Last Modified: May 28, 2023
Affected Product(s):
F5OS F5OS
Known Affected Versions:
F5OS-A 1.3.0, F5OS-A 1.3.1, F5OS-A 1.3.2
Fixed In:
F5OS-A 1.4.0
Opened: Nov 09, 2022 Severity: 3-Major
On r2x00/r4x00 based systems, tenant launch gets stuck with an error in ConfD tenant status leaf: "error adding container to network \"sriov-net3-tenant1\": SRIOV-CNI failed to load netconf: LoadConf(): failed to get VF information: \"lstat /sys/bus/pci/devices/0000:ec:00.7/physfn/net: no such file or directory" The VFs(aka, SR-IOV Based Virtual Functions) were not seen under a PF(aka, SR-IOV based Physical Function) when run following the command.
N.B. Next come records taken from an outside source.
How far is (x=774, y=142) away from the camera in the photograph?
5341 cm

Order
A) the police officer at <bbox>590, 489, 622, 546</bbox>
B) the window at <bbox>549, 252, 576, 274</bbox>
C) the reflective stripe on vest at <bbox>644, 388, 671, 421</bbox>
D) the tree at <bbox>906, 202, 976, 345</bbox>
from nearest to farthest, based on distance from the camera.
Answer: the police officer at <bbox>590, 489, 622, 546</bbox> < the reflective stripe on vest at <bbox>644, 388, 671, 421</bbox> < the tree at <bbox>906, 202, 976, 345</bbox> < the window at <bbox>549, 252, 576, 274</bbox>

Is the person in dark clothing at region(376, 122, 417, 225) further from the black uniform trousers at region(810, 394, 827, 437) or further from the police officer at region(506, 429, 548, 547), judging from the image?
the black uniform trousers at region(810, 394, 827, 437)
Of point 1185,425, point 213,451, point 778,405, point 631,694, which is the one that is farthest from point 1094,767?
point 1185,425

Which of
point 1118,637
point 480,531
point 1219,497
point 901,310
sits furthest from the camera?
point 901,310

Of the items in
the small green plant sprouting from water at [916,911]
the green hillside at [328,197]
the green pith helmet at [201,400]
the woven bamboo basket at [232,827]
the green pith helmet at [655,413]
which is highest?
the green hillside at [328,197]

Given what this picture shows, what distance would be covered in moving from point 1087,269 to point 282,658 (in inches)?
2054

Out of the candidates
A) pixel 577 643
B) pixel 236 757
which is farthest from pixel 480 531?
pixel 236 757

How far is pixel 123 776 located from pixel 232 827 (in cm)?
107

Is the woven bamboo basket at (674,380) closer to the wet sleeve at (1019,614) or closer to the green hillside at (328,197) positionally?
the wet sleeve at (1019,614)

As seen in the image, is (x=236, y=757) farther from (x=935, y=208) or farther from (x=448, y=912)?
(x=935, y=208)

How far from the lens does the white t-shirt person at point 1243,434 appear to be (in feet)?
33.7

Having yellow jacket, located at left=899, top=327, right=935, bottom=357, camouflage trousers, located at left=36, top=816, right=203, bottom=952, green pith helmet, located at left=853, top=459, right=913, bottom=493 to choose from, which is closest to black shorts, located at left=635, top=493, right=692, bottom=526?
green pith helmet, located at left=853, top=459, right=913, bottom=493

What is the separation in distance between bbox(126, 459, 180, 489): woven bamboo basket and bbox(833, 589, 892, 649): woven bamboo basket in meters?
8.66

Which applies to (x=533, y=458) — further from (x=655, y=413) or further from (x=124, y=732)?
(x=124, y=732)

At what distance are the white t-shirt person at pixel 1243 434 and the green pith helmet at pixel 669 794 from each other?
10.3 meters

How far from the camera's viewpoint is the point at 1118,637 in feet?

Command: `ip link show <PF>` PF can be, `x557_1`, `x557_2`, `x557_3`, `x557_4`, `sfp_5`, `sfp_6`, `sfp_7`, `sfp_8`. For example, the faulty PF(x557_4 in this case) has no VFs listed compared to the healthy PF(x557_1 in this case), # ip link show x557_4 18: x557_4: <NO-CARRIER,BROADCAST,MULTICAST,PROMISC,UP> mtu 1500 qdisc mq state DOWN mode DEFAULT group default qlen 1000 link/ether 14:a9:d0:01:56:8a brd ff:ff:ff:ff:ff:ff # ip link show x557_1 15: x557_1: <NO-CARRIER,BROADCAST,MULTICAST,PROMISC,UP> mtu 1500 qdisc mq state DOWN mode DEFAULT group default qlen 1000 link/ether 14:a9:d0:01:56:87 brd ff:ff:ff:ff:ff:ff vf 2 MAC 00:00:00:00:11:02, spoof checking on, link-state auto, trust off vf 2 MAC 00:00:00:00:11:02, spoof checking on, link-state auto, trust off vf 2 MAC 00:00:00:00:11:02, spoof checking on, link-state auto, trust off vf 2 MAC 00:00:00:00:11:02, spoof checking on, link-state auto, trust off
Tenant launch will be unsuccessful and is not able to connect to the tenant console or over tenant's management connection.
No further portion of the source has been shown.